Instant messaging challenges
Use Cases
To begin with, let's try to list the use cases for the OLPC IM. They may not be the same as any existing IM system.
Talk to my neighbor
In this case, the child wants to send a message to someone who is physically nearby, either in the same class or next door. Since the sender and recipient are both within wireless range, the message should be sent directly to the recipient. This has been done before on Cybiko messaging.
- Retroshare.sf.net is an Instant Messenger, which delivers offline messages later and is serverless, coded in c++ and ready for linux. As well Group-Chat is possible to teach a class or more than one person.
Talk to a classmate later
In this case, the child wishes to send a message to a classmate or a friend who is not in the vicinity right now. They would like the message to be stored and automatically delivered the next time that the OLPC is powered up in the vicinity of the recipient. The message will be sent directly to the recipient. Perhaps the recipient is a classmate and will receive the message tomorrow morning when they arrive at school. This means that the OLPC IM system should have the concept of Inbox, Outbox, Draft and Waiting to be Sent, similar to European GSM mobiles.

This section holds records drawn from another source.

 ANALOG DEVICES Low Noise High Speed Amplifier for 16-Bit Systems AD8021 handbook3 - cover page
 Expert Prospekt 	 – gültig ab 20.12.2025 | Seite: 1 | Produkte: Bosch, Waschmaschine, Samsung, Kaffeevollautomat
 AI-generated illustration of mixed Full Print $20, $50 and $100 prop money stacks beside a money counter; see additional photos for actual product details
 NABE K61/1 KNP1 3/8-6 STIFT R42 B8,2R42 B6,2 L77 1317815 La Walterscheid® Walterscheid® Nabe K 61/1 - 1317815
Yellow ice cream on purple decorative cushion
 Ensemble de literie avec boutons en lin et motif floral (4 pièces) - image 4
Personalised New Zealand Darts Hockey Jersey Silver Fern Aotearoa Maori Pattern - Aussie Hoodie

Talk to someone in another village
In this case, the child will never be within wireless range of the recipient. But, there is a relaypoint in the village that will collect such messages for delivery. This is much like a Pony Express model of email such as implemented in Cambodia's Motoman project. Some people will argue that this is email, not IM, and the two should be kept separate. However, if you research the historical use of postal mail, back in the late 1800's when many cities had twice a day delivery, you will see that even the foundation of the email model had IM-like characteristics. There is a mathematical model called small world network that will help in designing this.
Talk to someone with an Internet email address
This is where a message is relayed to a gateway with the Internet email system. This is intended for use by teachers but could also be used by older children in some circumstance. It will not cause a SPAM problem because use of the Internet email gateway will be highly regulated. This has been done before, complete with the heavy hand regulating the service, in FidoNET-Internet gateways.
Find a friend
The IM system will have an address book or buddy list. Since the primary use of these systems is in a village or school and all the users are expected to know one another, the buddy list should automatically be populated by the wi-fi networking system when another OLPC is detected nearby. The address information should also be saved to facilitate the sending of messages to someone who will be connected at a later point in time.

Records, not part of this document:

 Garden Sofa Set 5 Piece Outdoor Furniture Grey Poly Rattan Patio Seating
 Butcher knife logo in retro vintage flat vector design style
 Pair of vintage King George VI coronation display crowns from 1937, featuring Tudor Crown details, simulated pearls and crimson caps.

Relay a message to someone who is a few hops away
At this point, the recipient is not in wireless range, however another OLPC is in range and they can reach the recipient within some maximum limit of hops. In order to determine that a message can be relayed, the system must use discovery algorithms similar to those used by peer-to-peer file transfer systems when they identify what files are available for download. The discovery and transfer should normally happen automatically without asking the user's permission, but it should be mildly encrypted and should not be deleted until delivery is confirmed. This has been implemented before by Cybiko.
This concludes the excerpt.